==== Data records ====

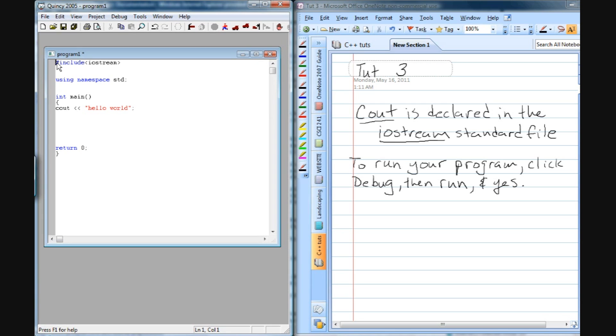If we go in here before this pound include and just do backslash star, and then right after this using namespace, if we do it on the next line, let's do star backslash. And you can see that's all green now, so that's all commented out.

====
==== Data records ====

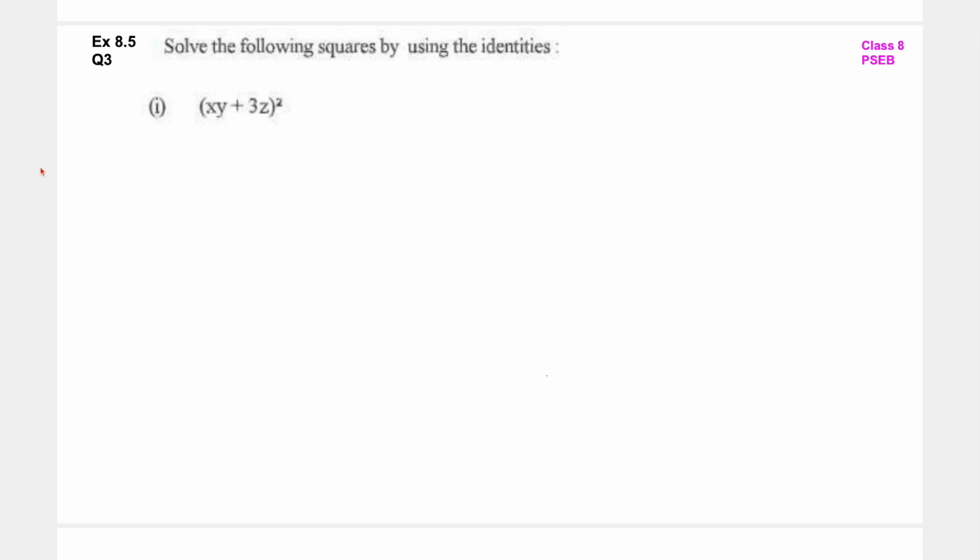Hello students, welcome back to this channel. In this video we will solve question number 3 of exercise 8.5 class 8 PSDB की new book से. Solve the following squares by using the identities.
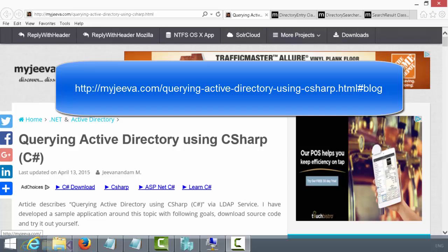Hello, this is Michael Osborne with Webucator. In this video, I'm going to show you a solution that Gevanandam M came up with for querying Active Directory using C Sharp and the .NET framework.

====
==== Data records ====

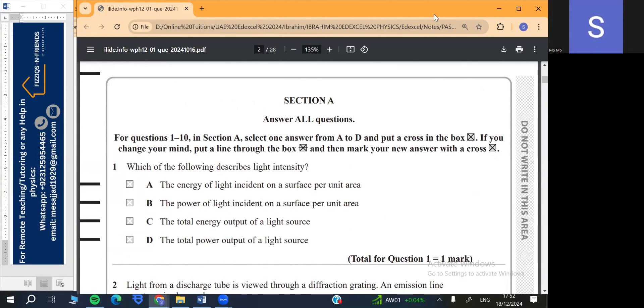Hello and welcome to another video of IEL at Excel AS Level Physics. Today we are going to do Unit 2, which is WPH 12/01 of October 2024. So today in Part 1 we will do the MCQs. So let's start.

====

# Exercise details
Your copy should hold only the lines above from the one containing "Hello students, welcome" through the one containing "Hello, this is", exactly as written and free of pictures.

# Answer for the task
Hello students, welcome back to this channel. In this video we will solve question number 3 of exercise 8.5 class 8 PSDB की new book से. Solve the following squares by using the identities.
Hello, this is Michael Osborne with Webucator. In this video, I'm going to show you a solution that Gevanandam M came up with for querying Active Directory using C Sharp and the .NET framework.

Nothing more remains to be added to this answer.